Semua deskripsi rasuli yang sangat banyak tentang kerusakan yang total ini hanyalah penjelasan lebih lanjut dari perkataan Yesus di dalam Yohanes 15:5, “di luar Aku kamu tidak dapat berbuat apa-apa.”
Di dalam teks tersebut, Yesus mengajarkan bahwa manusia tidak dapat berbuat apa pun yang baik. Ini lebih dari sekadar penghakiman atas perbuatan-perbuatan manusia. Yesus menghakimi manusia itu sendiri. Ketidakmampuan untuk berbuat baik mencerminkan natur manusia, apa adanya kita, tubuh maupun jiwa. Kebenaran tentang kondisi rohani manusia sesuai naturnya muncul di dalam gambaran yang Yesus gunakan di dalam Yohanes 15: gambaran tentang pokok anggur dan cabang-cabangnya. Cabang yang terpisah dari pokok anggur adalah ranting yang mati di atas tanah. Ranting yang mati di atas tanah tidak menghasilkan buah apa pun, dan ranting itu tidak menghasilkan buah apa pun karena ia tidak dapat menghasilkan buah apa pun. Yang menjadi permasalahan adalah natur dari cabang yang terpisah dari pokok anggur. Demikian pula halnya dengan semua manusia, temasuk kita, sesuai naturnya.
Ketika Adam berdosa, ia memisahkan dirinya dari Allah, Dia yang baik dan sumber segala kebaikan. Ya, dan Allah menghukum Adam dengan mengusirnya dari diri-Nya, khususnya dari Allah yang dinyatakan di dalam pohon kehidupan. Adam menghilangkan kebaikan yang dengannya Allah telah menciptakan dirinya. Adam menghilangkan semua kemampuan rohani yang dengannya ia telah dimampukan dan dimuliakan melalui penciptaan dirinya. Natur Adam menjadi jahat. Seluruh keberadaannya sebagai manusia menjadi tidak mampu melakukan kebaikan apa pun. Adam telah mati secara rohani. Adam adalah ranting yang mati yang tergeletak di atas tanah di firdaus, terpisah dari pokok anggur, yaitu Allah.
Karena Adam adalah kepala dari umat manusia, sebagaimana diajarkan oleh Roma 5:12 dst., setiap manusia datang ke dalam dunia dengan natur yang rusak, tidak dapat berbuat kebaikan apa pun.

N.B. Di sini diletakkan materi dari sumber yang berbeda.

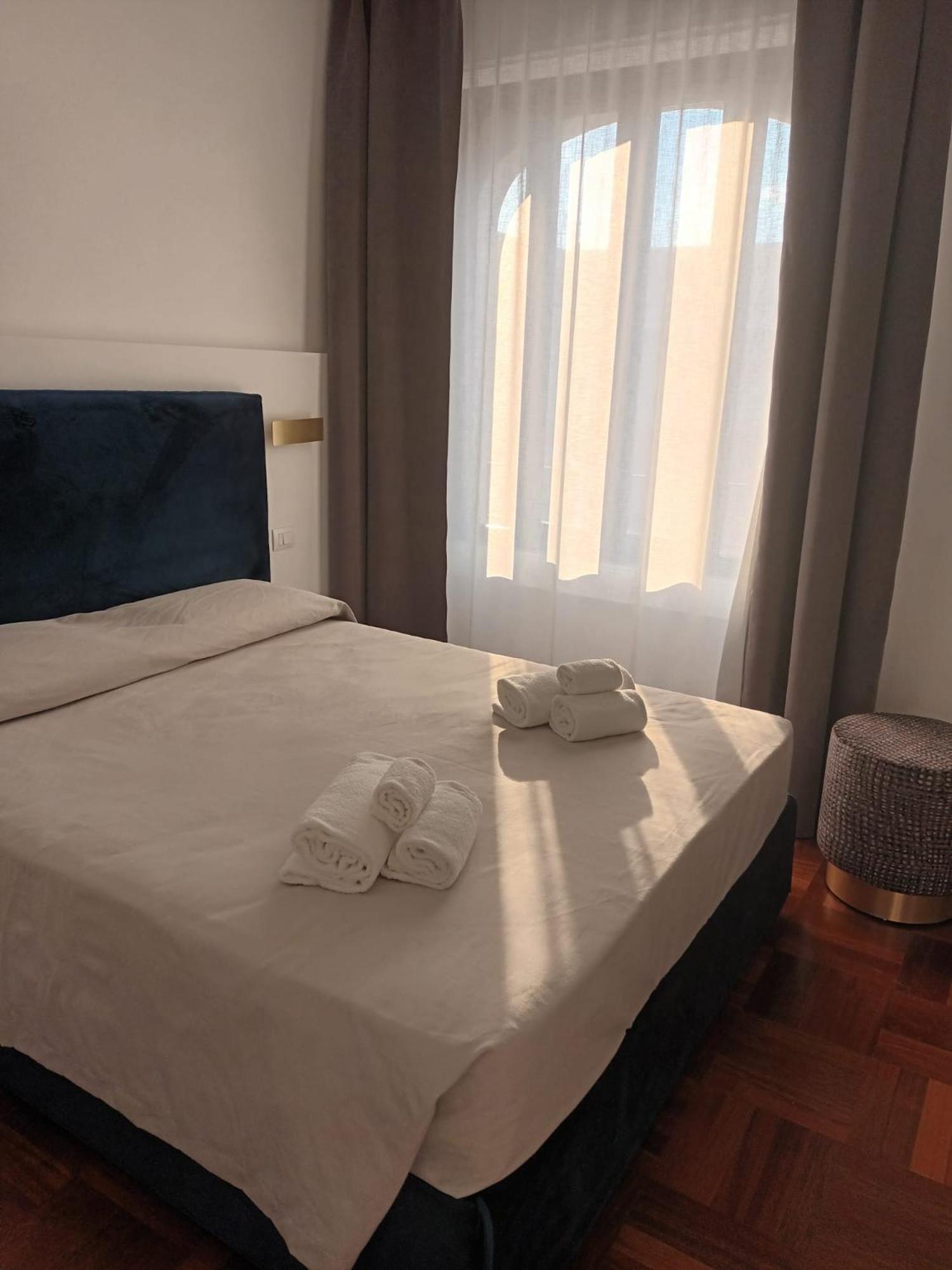 B&Bari, Via Crollalanza, Le Case Di Aurelia Guesthouse المظهر الخارجي الصورة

Itulah kesaksian dari Mazmur 51:7: “Sesungguhnya, dalam kesalahan aku diperanakkan, dalam dosa aku dikandung ibuku.” Setiap manusia datang ke dalam dunia melalui pengandungan yang natural dan lahir sebagai ranting yang mati, dan “maut” adalah kata dan realitas yang Kitab Suci gunakan untuk mendeskripsikan kondisi dari kerusakan yang total: “sudah mati karena pelanggaran-pelanggaran dan dosa-dosa” (Ef. 2:1).

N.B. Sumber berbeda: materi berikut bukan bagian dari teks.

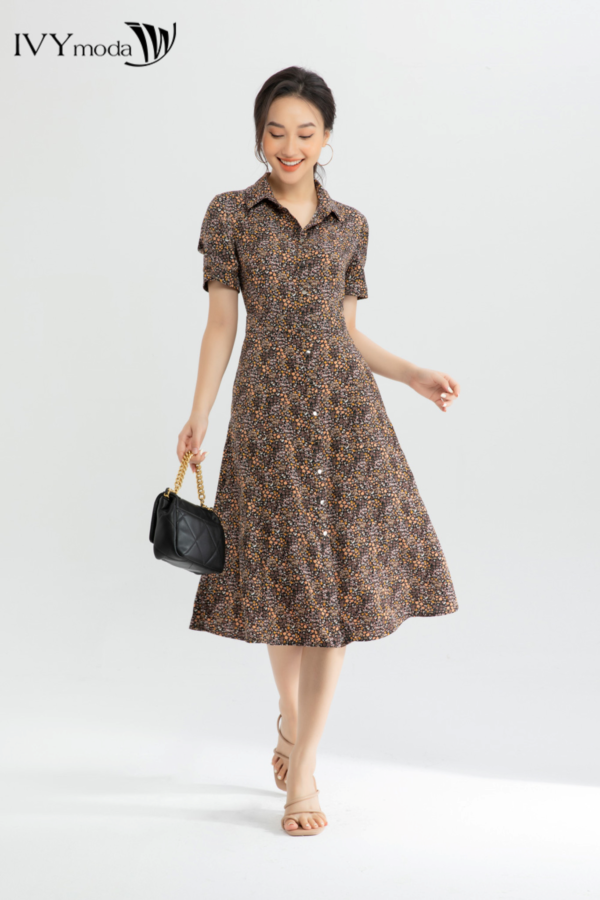Đầm lụa cổ đức phối nút dọc thân nữ tính IVY moda MS 47M6500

Inilah penghakiman Yesus atas setiap manusia yang menyebabkan manusia merendahkan hati. Ini adalah penghakiman-Nya atas kita yang menyebabkan kita merendahkan hati.
Penghakiman Yesus atas diri kita ini dilawan; penghakiman ini dilawan dengan sengit. Saya tidak akan menyinggung tentang perlawanan terhadap penghakiman ini oleh dunia yang tidak percaya, tetapi saya akan meminta perhatian Anda kepada perlawanan terhadap penghakiman Yesus atas umat manusia ini oleh orang-orang Kristen nominal. Penghakiman ini dilawan oleh ajaran modernisme tentang kebaikan umat manusia. Modernisme menjadikan anugerah Allah dan pendamaian Yesus Kristus sepenuhnya tidak diperlukan bagi dilakukannya perbuatan baik dan bahkan bagi pencapaian keselamatan. Modernisme membual bahwa kita dapat melakukan segala hal di luar Yesus Kristus.
Penghakiman Yesus juga dilawan oleh kesalahan yang lebih subtil tentang kebebasan kehendak. Ini adalah ajaran bahwa meskipun orang berdosa tidak dapat melakukan terlalu banyak kebaikan, ia masih memiliki kemampuan untuk memilih Yesus Kristus, dan mengambil keputusan untuk mengikut Yesus, atau membuka hatinya untuk membiarkan Yesus masuk. Maksudnya, ia memiliki kemampuan untuk memercayai Yesus Kristus ketika Ia dipresentasikan di dalam Injil. Dan menurut kesalahan yang subtil dari kehendak bebas, pada tindakan dari kehendak bebas inilah bergantung keselamatan orang berdosa. Allah akan menyelamatkan orang berdosa, Allah akan mempersatukan orang berdosa itu kepada Kristus, Allah akan membawanya ke sorga, jika saja orang berdosa itu mau menggunakan kehendak bebasnya untuk menerima dan memilih Yesus Kristus.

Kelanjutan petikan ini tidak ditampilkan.